* [PROVIDED RECORDS]:
════════════════

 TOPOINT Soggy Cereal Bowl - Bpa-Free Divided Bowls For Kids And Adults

════════════════

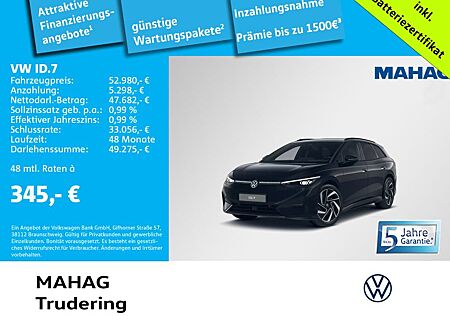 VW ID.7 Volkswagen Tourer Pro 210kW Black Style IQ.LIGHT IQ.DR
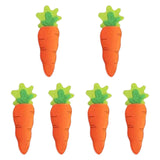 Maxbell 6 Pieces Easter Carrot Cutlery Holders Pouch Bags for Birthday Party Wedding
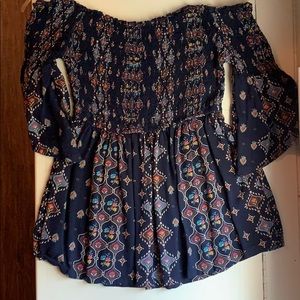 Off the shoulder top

════════════════

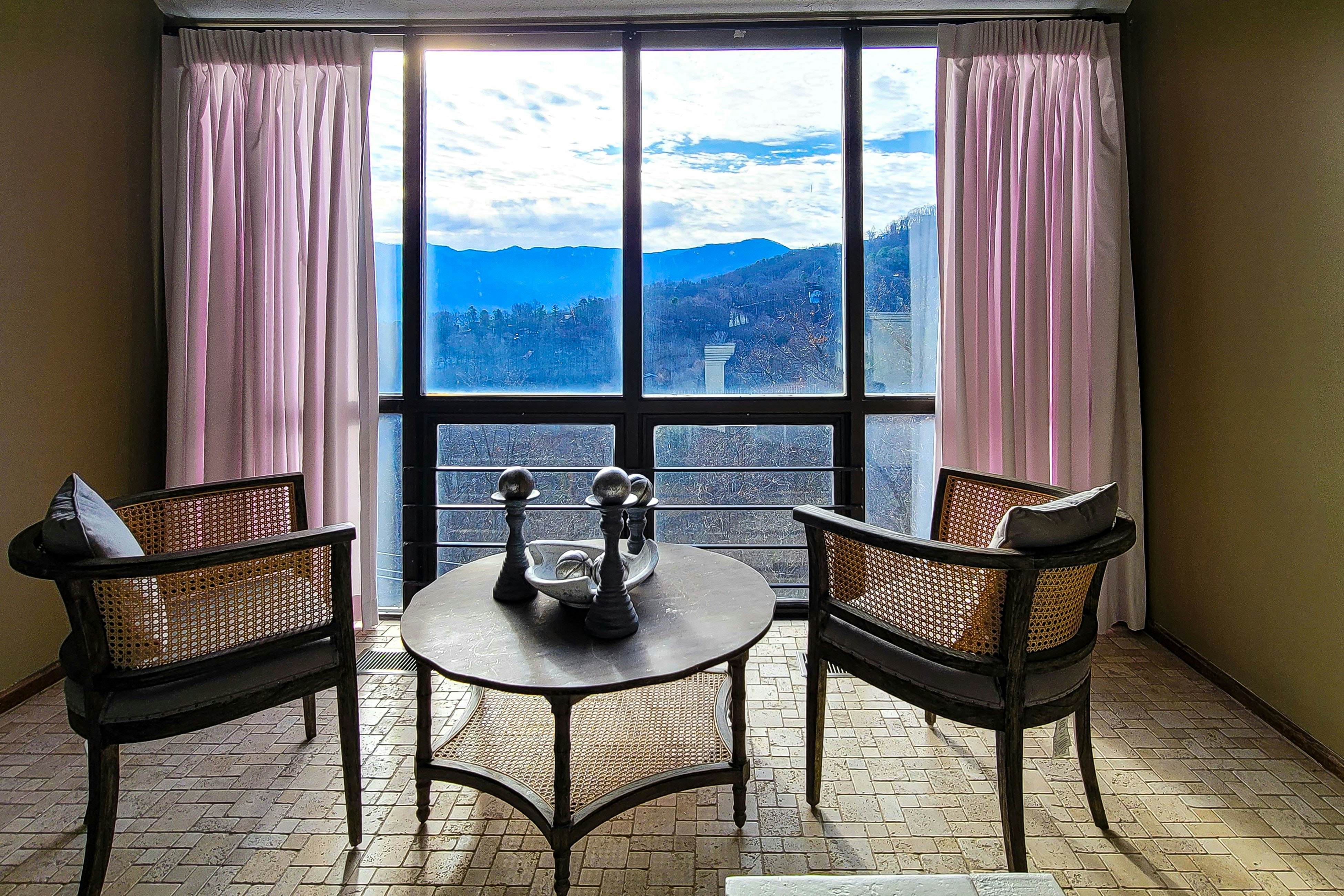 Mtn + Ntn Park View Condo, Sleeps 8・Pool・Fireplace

════════════════

* [EXERCISE GOAL]: Make an exact copy of the lines above, beginning with the line with "VW ID.7 Volkswagen" and ending with the line with "Off the shoulder top", and keep the pictures out of it.

* [PROBLEM SOLUTION]:
 VW ID.7 Volkswagen Tourer Pro 210kW Black Style IQ.LIGHT IQ.DR
 Maxbell 6 Pieces Easter Carrot Cutlery Holders Pouch Bags for Birthday Party Wedding
 Off the shoulder top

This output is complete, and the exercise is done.